La fotografía de Cristóbal Hara nos trae una España brutal entre la religión y el drama. Su obra es reveladora como karma. Entre el esoterismo (muy) político de Goya y las carnes balbuceantes de Bacon, que no era español pero sí era un fascinado por lo español, en Hara se recupera esa oscuridad que es total porque la desesperación — en ese laberinto entre el deseo y la culpa católica, entre la libertad y los mandamientos — también es total. Toros y caballos como mercancía, un salvajismo domado para la banalidad del entretenimiento y el consumo en todas sus formas, pero como un reloj parado, que al menos un par de veces por día no solo burlan la doma, también amenazan con la superioridad de su naturaleza atentando contra el hombre. Rituales y tradición, festividades y ataúdes, duelos y celebraciones conforman un collage tan colorido como desgarrador. El bien común de estas fases, que aún en su acontecer aislado cuentan una misma historia hacia atrás y por lo pronto, hacia adelante, son cuerpos que se tuercen en ese pertenecer insoportable.

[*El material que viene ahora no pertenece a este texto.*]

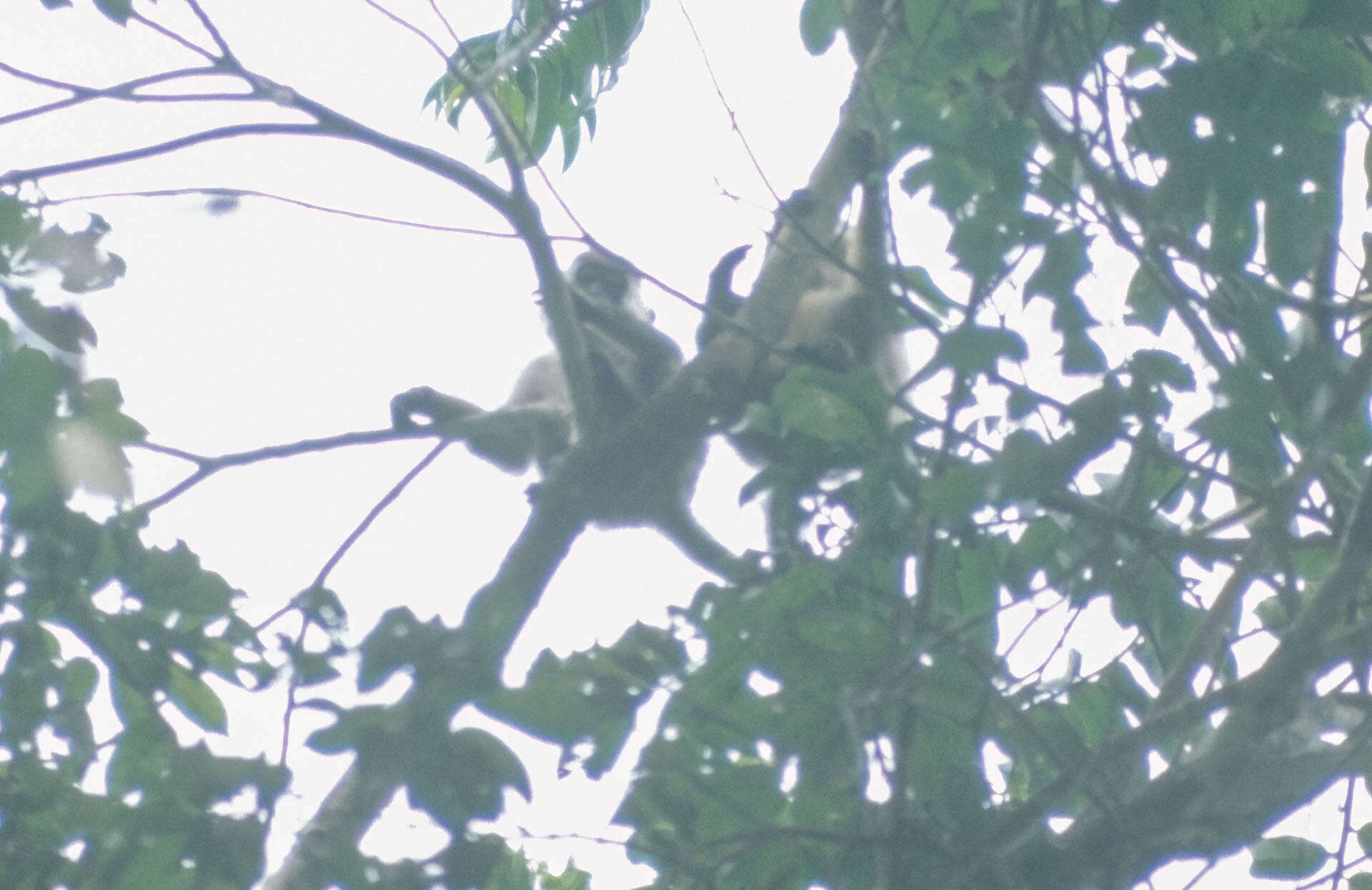 Image of Collared Mangabey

Hara fotografía al borde del surrealismo sin quitarle su violencia, no poetiza, no moraliza, mantiene su flash en el límite entre lo que se puede tildar de correcto o incorrecto, pero en algún punto es lo inevitable porque lo que domina su obra es lo mortal en su expresión cotidiana. Lo mortal pisándole los talones a una cultura de conquista, autocondescendiente, que se debilita en un purismo que ya no existe, en un primermundismo que en ningún país del mundo llega a ser objeto nacional; lo mortal pisándole los talones a un relato purista y viril que queda al pie de convertirse en el plato central del canibalismo moderno que lo parió. Una España mortal a través de sus expresiones más vitales. Cuanto mayor la fiesta, mayor la revelación de la finitud. Porque lo mortal se sugiere como inminencia pero también como signo divino, y ahí la clave. Es en esa religiosidad española, sobrecargada de doble moral, que la única solución que aparece a aquella desesperación no es política ni cultural y menos social, es por arriba: el salvajismo animal y humano vive y corre por las calles como quien en ese vivir y correr persigue la mayor promesa de Dios, la salvación. Pero se suele obviar la letra chica de esa promesa, ahí donde se advierte que la salvación no es para todos.

De esta forma, la obra de Hara consagra el instante justo en el que una alabanza puede volverse alarido. Porque, así como la fotografía da luz, también nos enseña que nada es más traicionero que su cálido esplendor, el que ilumina la falsa premisa democrática que nos ubica a todos como iguales ante una ley que siempre trae trampa. Si ante esta ley somos todos iguales, aquella letra chica avisa que ante los ojos de Dios no. Ahí, entonces, la justicia se hace divina y la salvación individual una dulce condena a la metáfora.